Fundamentally, a data alert is based on a SQL select statement. If this select statement returns rows or errors, it will trigger a notification. If a select statement returns zero rows, nothing happens.
For example:
SELECT *
FROM sample_table
WHERE sample_column
IS NULL
This will trigger a notification if the sample_column has null values.
There are two types of data alerts in Mozart Data:
1. Notify-only alerts on any type of table. These alerts will run after a connector sync, after a transform run, or after a snapshot run. They will send you a notification if they trigger.
2. Revert and notify alerts are only on transforms. If this data alert returns rows on the new transform table or an error, this will fail the transform run, revert the transform table back to its previous state, and send a notification.
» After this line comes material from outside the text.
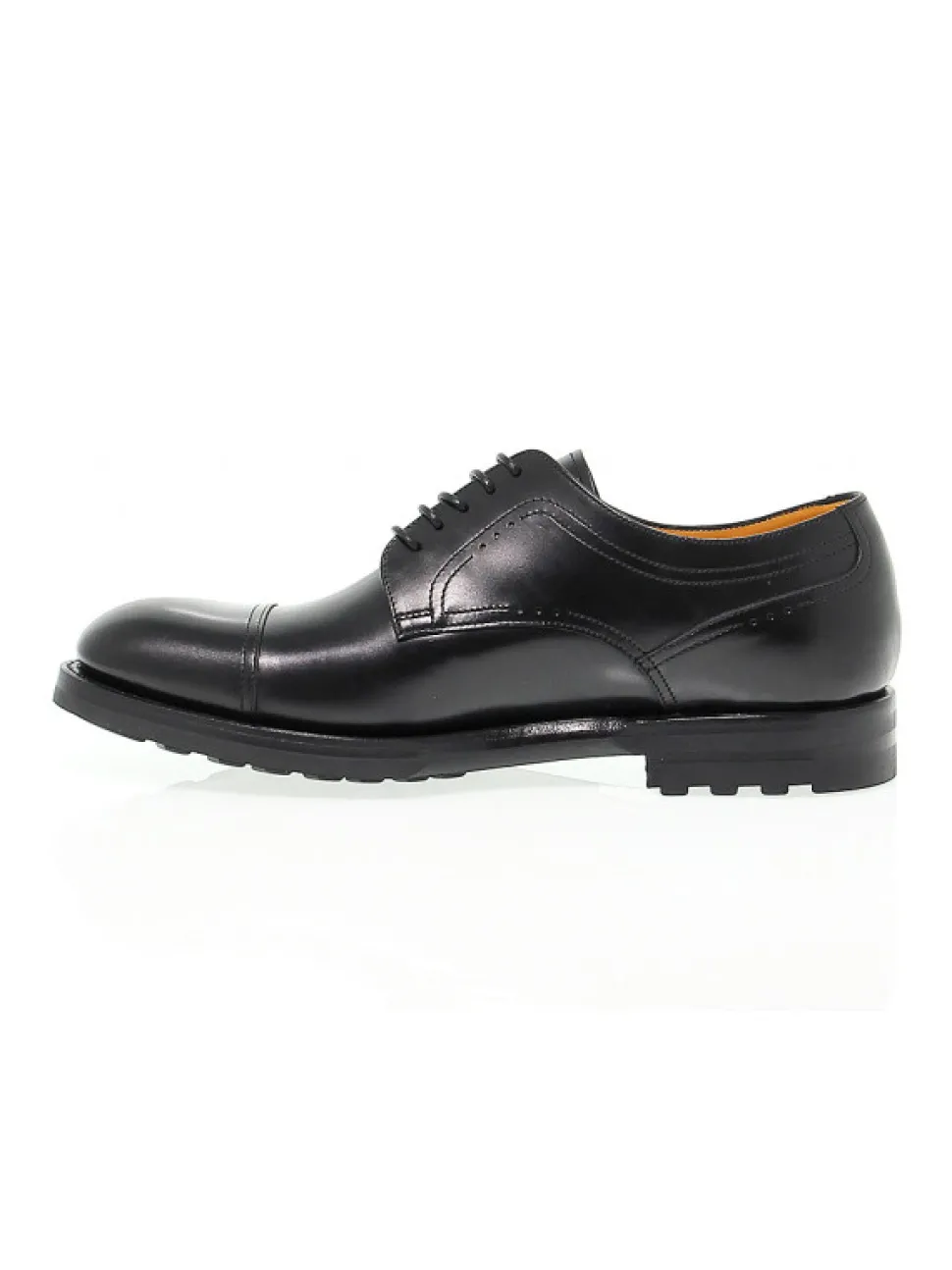 Fabi Lace-Up Shoes In Leather^Men Lace-Up Shoes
Alerts can be important for QA and validation of data pipelines. Pipelines involve manipulating data via transforms based on certain assumptions about the data. Assumptions like no null values in a column, no duplicate IDs in a column, are just a few examples. You can write alerts that assert such assumptions.
Writing a Data Alert
You can write an alert by going to the Alerts tab on the Table page. Click on Create Alert button in the top right as shown.
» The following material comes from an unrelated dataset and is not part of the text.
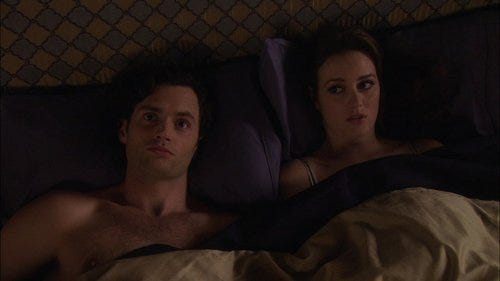 XoXo Gossip Girl — Blair: Wow. Dan: Yeah, my words exactly. Blair:...
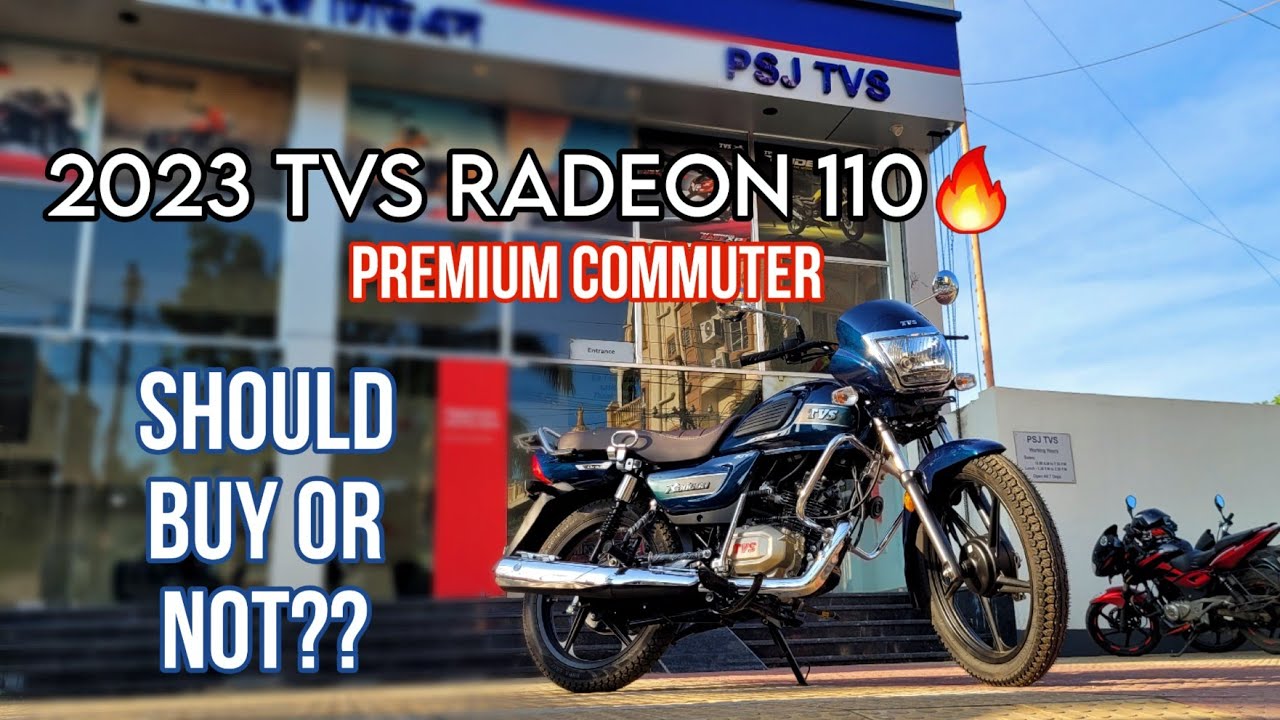 2023 TVS RADEON 110 E20🤩-Review|Best in the segment?🤔 #tvs #radeon #2023 #review #e20 #bs7 #splendor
You can provide a descriptive name for the alert and a SQL query. To test the SQL query, click the Run button. If 0 rows are showing, your alert is successful on the current table.
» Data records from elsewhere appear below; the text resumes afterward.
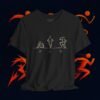 1457302672369001584_v2_2048_custom-1.jpeg Japan Minimal T‑Shirt – 静 力 勢 Line Art Design for Calm, Strength & Power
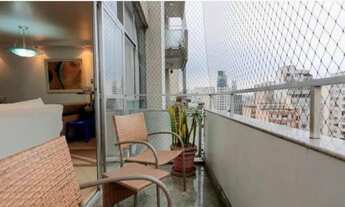 Imagem 6: Apartamento para aluguel Vila Buarque A.U 200 m² 3 dormitórios 1 suíte 1 vaga mobiliado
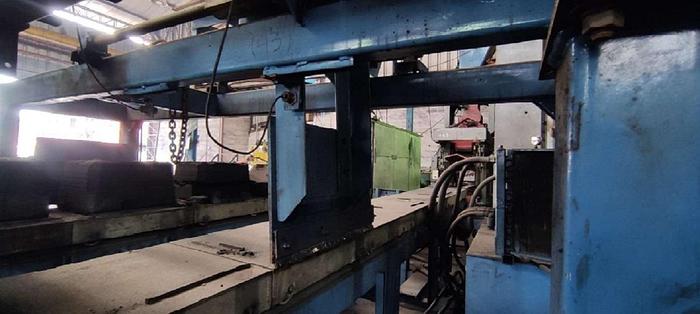 Usado LINEA AUTOMATICA PARA MANIPULACION DE MOLDES KISSMATIC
Otherwise, you will see an error message or the rows that were returned.
If you edit an alert’s SQL, but it hasn’t been run yet, you will see a warning message- 'SQL has changed since last run' below the alert.
Running a Data Alert
Alerts are enabled to run when a table changes (transform run, connector sync, snapshot run) by default. You can disable an alert by using the toggle next to it as shown below.
Once an alert is enabled, each time a table changes, either manually or scheduled, the enabled alert(s) will run. However, if any enabled revert-and-notify alert fails, the transform table will not get created/updated. You will be able to see the error in the Runs tab on the Transform Runs page. Notify-only alerts will run after the table change is successful. This means if a transform has revert-and-notify alerts enabled that fail, the notify-only alerts will not run.
It is important to note that if your transform run fails for a non-data alert reason (e.g., bad transform SQL), no alerts will be run. In such cases, the transform run page will show the appropriate error message as shown below.
Viewing Alert Results
When your alert fails, Mozart Data will store up to 2000 failing rows. When your alert passes, there are no results available since it will have returned 0 rows.
To see the Alerts in Mozart Data: You can view them by clicking the button under the Last Results column. If the data check has passed, the Results button will be disabled. Please note that the alert results correspond to last table change. You can view the timestamp for the last table change at the top of the Alerts tab and view further details in the Runs tab.
To receive a CSV file attachment via email: You can do this by enabling the email notification in your Settings page (see here: Notifications). Next, toggle on the 'Attach CSV' for each Data Alert and you will start receiving email alerts every time the table is synced / transform is scheduled and the data alert fails.
To receive the results directly via Slack: You can do this by installing the Mozart Data app into your Slack workspace (see here: Using Slack with Mozart Data).